#### [Exercise directions]
Taking the listing below line by line, tally those that contain the string "with". Give the total alone.

#### [Record extracts]
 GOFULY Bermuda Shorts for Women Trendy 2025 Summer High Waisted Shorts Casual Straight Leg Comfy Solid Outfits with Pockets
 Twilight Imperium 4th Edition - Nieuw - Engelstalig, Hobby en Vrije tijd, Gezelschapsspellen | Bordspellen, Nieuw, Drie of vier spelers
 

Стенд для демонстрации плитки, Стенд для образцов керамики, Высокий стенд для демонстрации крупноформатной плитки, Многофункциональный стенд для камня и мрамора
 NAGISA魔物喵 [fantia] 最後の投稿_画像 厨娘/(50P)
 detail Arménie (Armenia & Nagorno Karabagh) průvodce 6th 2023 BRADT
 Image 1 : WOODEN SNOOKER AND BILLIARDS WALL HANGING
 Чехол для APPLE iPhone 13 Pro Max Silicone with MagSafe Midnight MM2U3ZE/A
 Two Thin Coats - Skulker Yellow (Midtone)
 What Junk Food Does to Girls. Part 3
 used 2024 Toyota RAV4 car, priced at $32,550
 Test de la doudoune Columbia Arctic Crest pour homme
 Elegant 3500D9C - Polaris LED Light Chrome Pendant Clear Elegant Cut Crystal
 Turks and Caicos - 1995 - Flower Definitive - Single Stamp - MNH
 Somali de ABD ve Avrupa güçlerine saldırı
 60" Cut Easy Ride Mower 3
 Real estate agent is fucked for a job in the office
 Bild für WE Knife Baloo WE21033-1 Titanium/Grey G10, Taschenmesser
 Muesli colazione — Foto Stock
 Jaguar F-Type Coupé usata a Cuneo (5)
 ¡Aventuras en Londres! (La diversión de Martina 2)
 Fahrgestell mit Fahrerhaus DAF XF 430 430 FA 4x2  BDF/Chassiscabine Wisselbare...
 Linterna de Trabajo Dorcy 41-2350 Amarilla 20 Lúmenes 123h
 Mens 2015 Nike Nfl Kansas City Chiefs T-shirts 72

#### [Result]
2